---------- GIVEN INFORMATION ----------

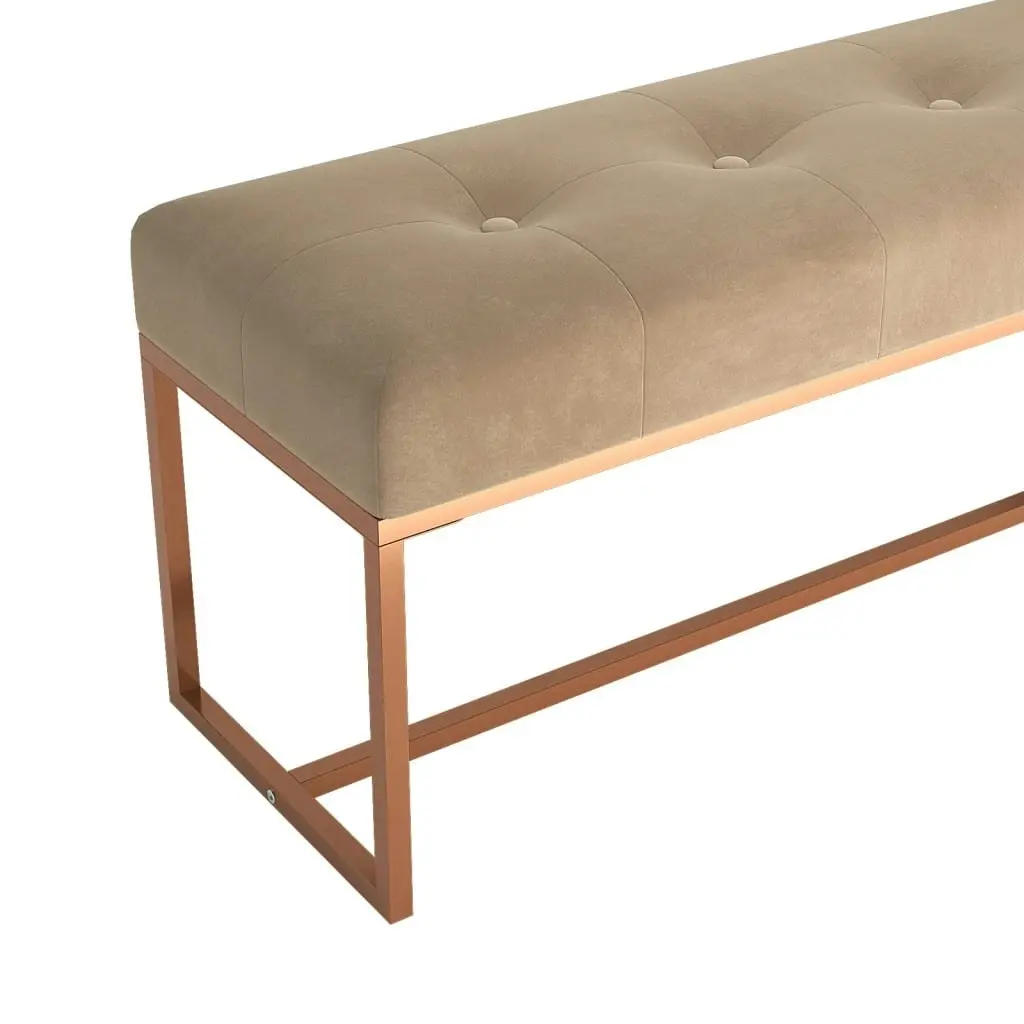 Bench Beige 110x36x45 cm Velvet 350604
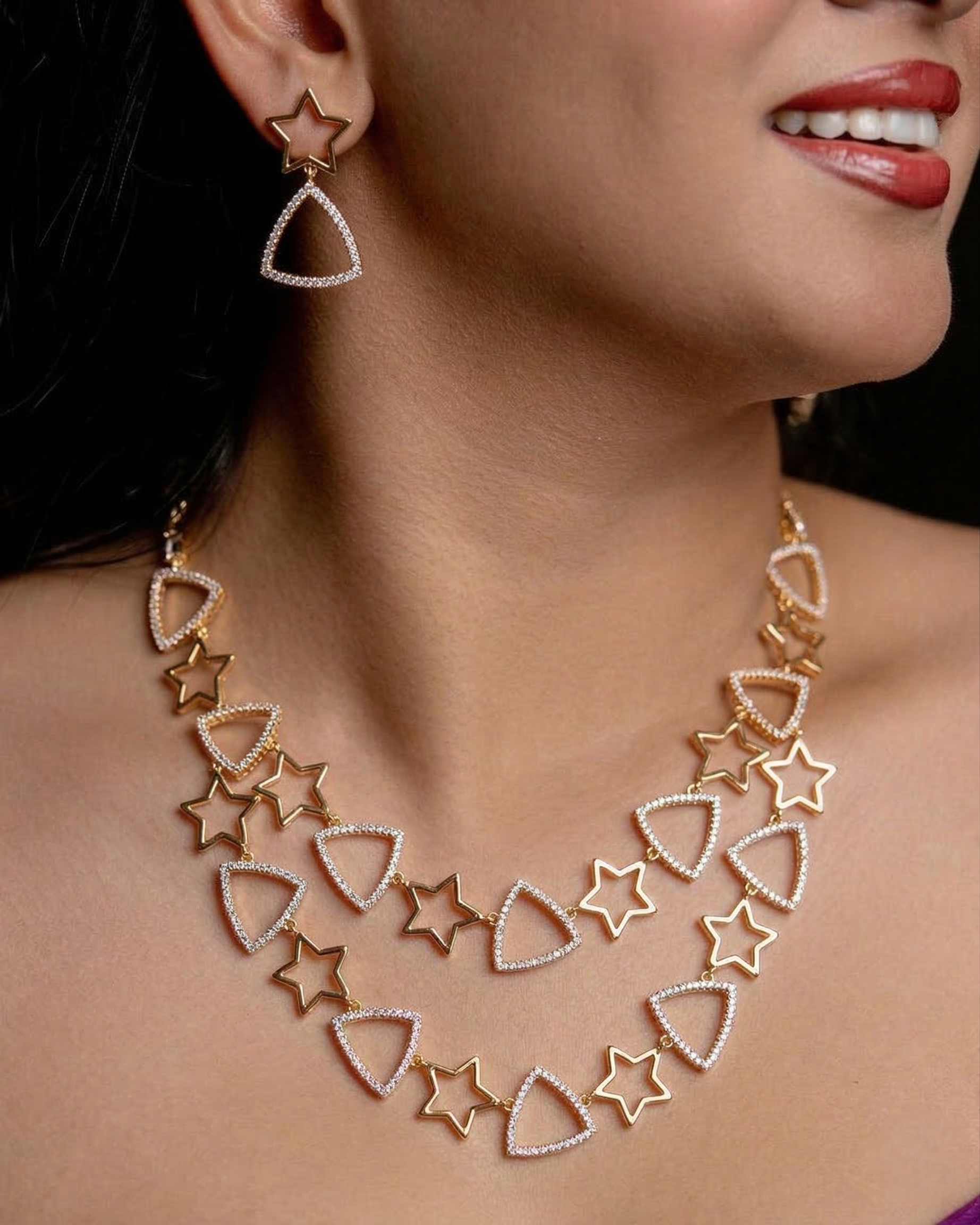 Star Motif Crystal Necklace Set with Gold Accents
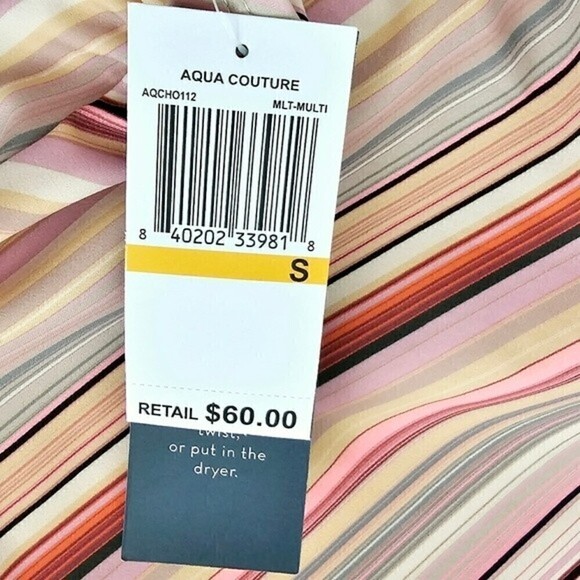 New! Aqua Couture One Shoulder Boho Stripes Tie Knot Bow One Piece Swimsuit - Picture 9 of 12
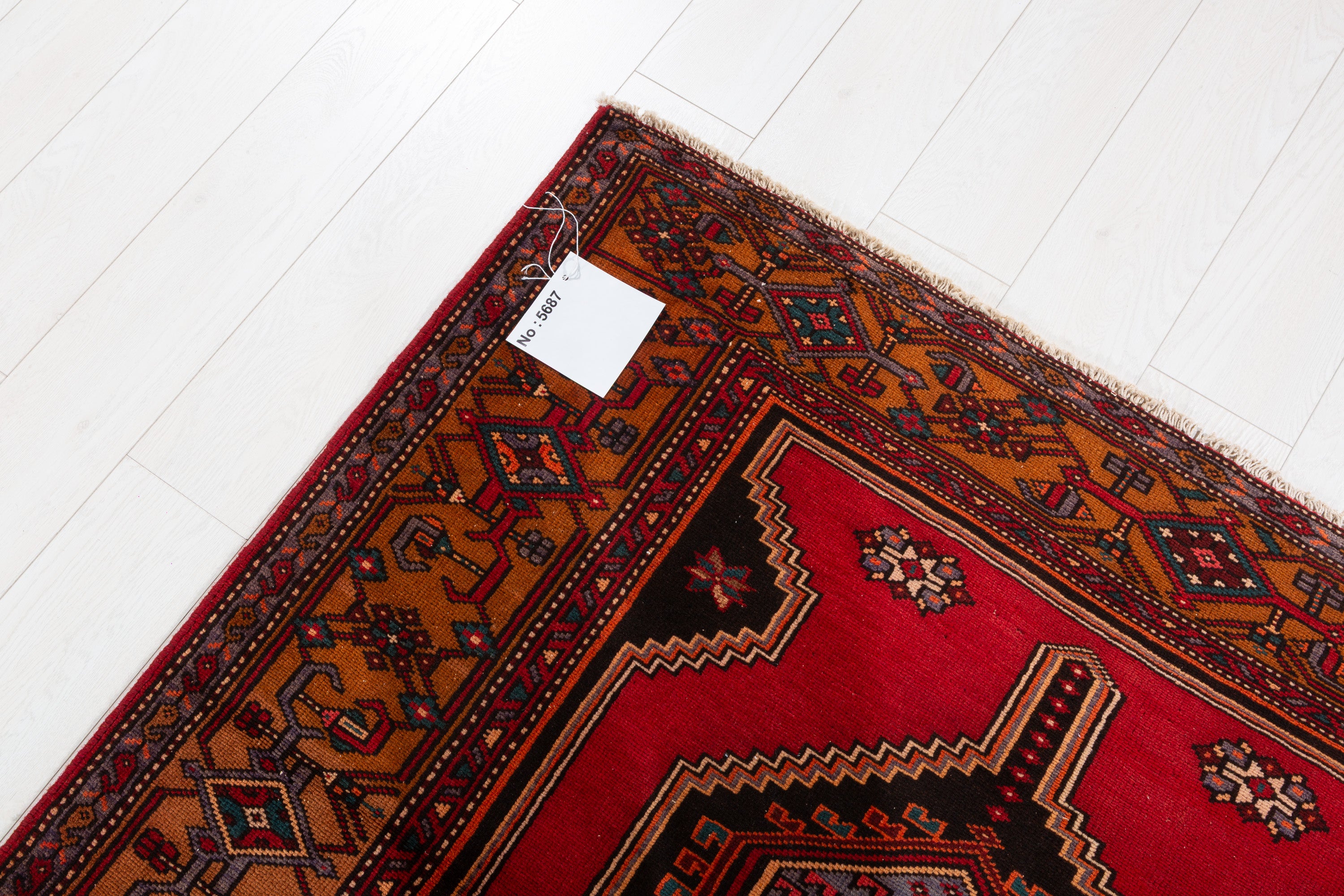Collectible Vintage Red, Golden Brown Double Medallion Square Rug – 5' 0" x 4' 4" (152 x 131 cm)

----------

- _WORK ITEM_: Transcribe each line above exactly, pictures excluded.

- _ANSWER TO THE EXERCISE_:
 Bench Beige 110x36x45 cm Velvet 350604
 Star Motif Crystal Necklace Set with Gold Accents
 New! Aqua Couture One Shoulder Boho Stripes Tie Knot Bow One Piece Swimsuit - Picture 9 of 12
Collectible Vintage Red, Golden Brown Double Medallion Square Rug – 5' 0" x 4' 4" (152 x 131 cm)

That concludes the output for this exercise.